Re: [PATCH v4 1/5] dt-bindings: PCI: brcmstb: brcm,{enable-l1ss,completion-timeout-us} props

From: Jim Quinlan
Date: Wed May 03 2023 - 10:39:26 EST


On Sun, Apr 30, 2023 at 3:10 PM Bjorn Helgaas <helgaas@xxxxxxxxxx> wrote:
>
> On Fri, Apr 28, 2023 at 06:34:55PM -0400, Jim Quinlan wrote:
> > This commit introduces two new properties:
>
> Doing two things makes this a candidate for splitting into two
> patches, as you've already done for the driver support. They seem
> incidentally related but not indivisible.
>
> > brcm,enable-l1ss (bool):
> >
> > The Broadcom STB/CM PCIe HW -- a core that is also used by RPi SOCs --
> > requires the driver probe() to deliberately place the HW one of three
> > CLKREQ# modes:
> >
> > (a) CLKREQ# driven by the RC unconditionally
> > (b) CLKREQ# driven by the EP for ASPM L0s, L1
> > (c) Bidirectional CLKREQ#, as used for L1 Substates (L1SS).
> >
> > The HW+driver can tell the difference between downstream devices that
> > need (a) and (b), but does not know when to configure (c). All devices
> > should work fine when the driver chooses (a) or (b), but (c) may be
> > desired to realize the extra power savings that L1SS offers. So we
> > introduce the boolean "brcm,enable-l1ss" property to inform the driver
> > that (c) is desired. Setting this property only makes sense when the
> > downstream device is L1SS-capable and the OS is configured to activate
> > this mode (e.g. policy==superpowersave).
>
> Is this related to the existing generic "supports-clkreq" property? I
> guess not, because supports-clkreq looks like a description of CLKREQ
> signal routing, while brcm,enable-l1ss looks like a description of
> what kind of downstream device is present?

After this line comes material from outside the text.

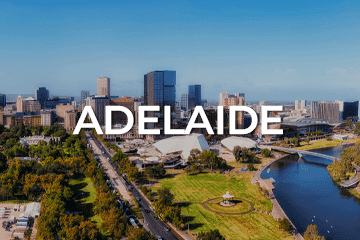 Aerial view of Adelaide city skyline with modern buildings, green parks, and a river under a clear blue sky. Bold white text 'ADELAIDE' is overlaid on the center, capturing the vibrant hub where opportunities like businesses for sale thrive.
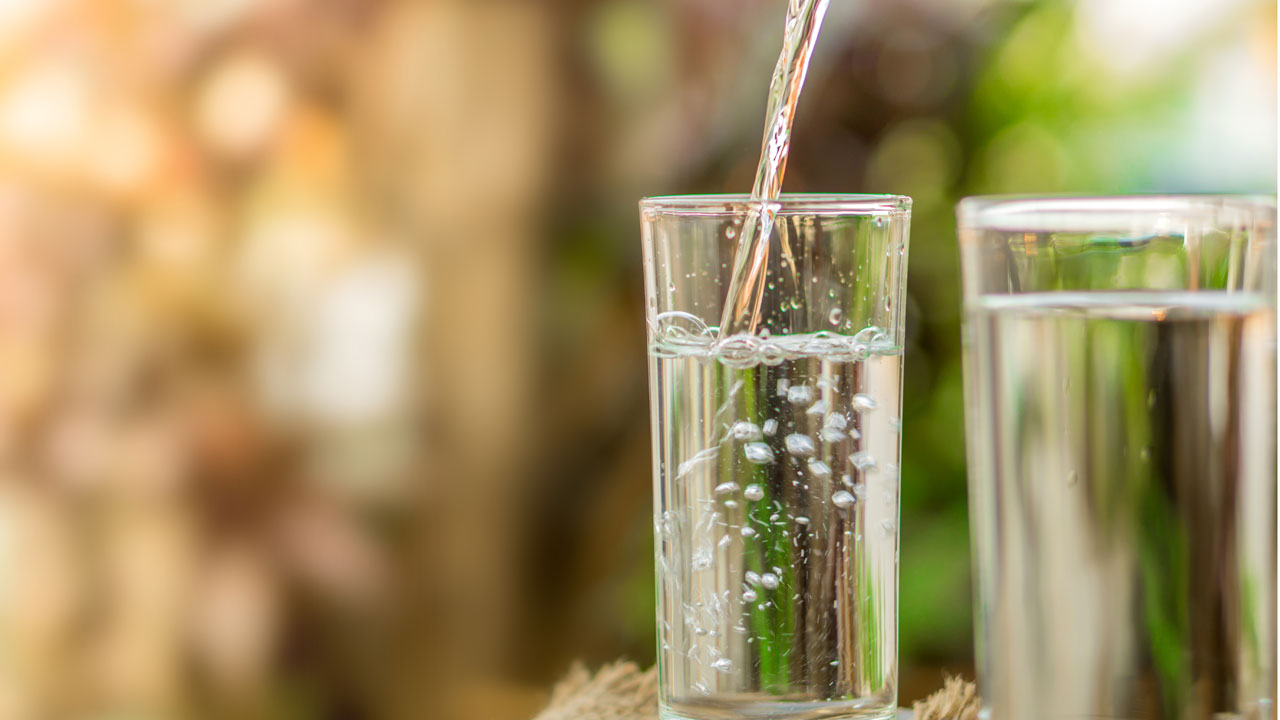 Purified water filling a glass against a natural backdrop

It is related, I thought about using it, but not helpful for our needs. Both
cases (b) and (c) assume "supports-clkreq", and our HW needs to know
the difference between them. Further, we have a register that tells
us if the endpoint device has requested a CLKREQ#, so we already
have this information.

As an aside, I would think that the "supports-clkreq" property should be in
the port-driver or endpoint node.

>
> What bad things would happen if the driver always configured (c)?
Well, our driver has traditionally only supported (b) and our existing
boards have
been designed with this in mind. I would not want to switch modes w'o
the user/customer/engineer opting-in to do so.
Further, the PCIe HW engineer
told me defaulting to (c) was a bad idea and was "asking for trouble".
Note that the commit's comment has that warning about L1SS mode
not meeting this 400ns spec, and I suspect that many of our existing designs
have bumped into that.

But to answer your question, I haven't found a scenario that did not work
by setting mode (c). That doesn't mean they are not out there.

>
> Other platforms don't require this, and having to edit the DT based on
> what PCIe device is plugged in seems wrong. If brcmstb does need it,
> that suggests a hardware defect. If we need this to work around a
> defect, that's OK, but we should acknowledge the defect so we can stop
> using this for future hardware that doesn't need it.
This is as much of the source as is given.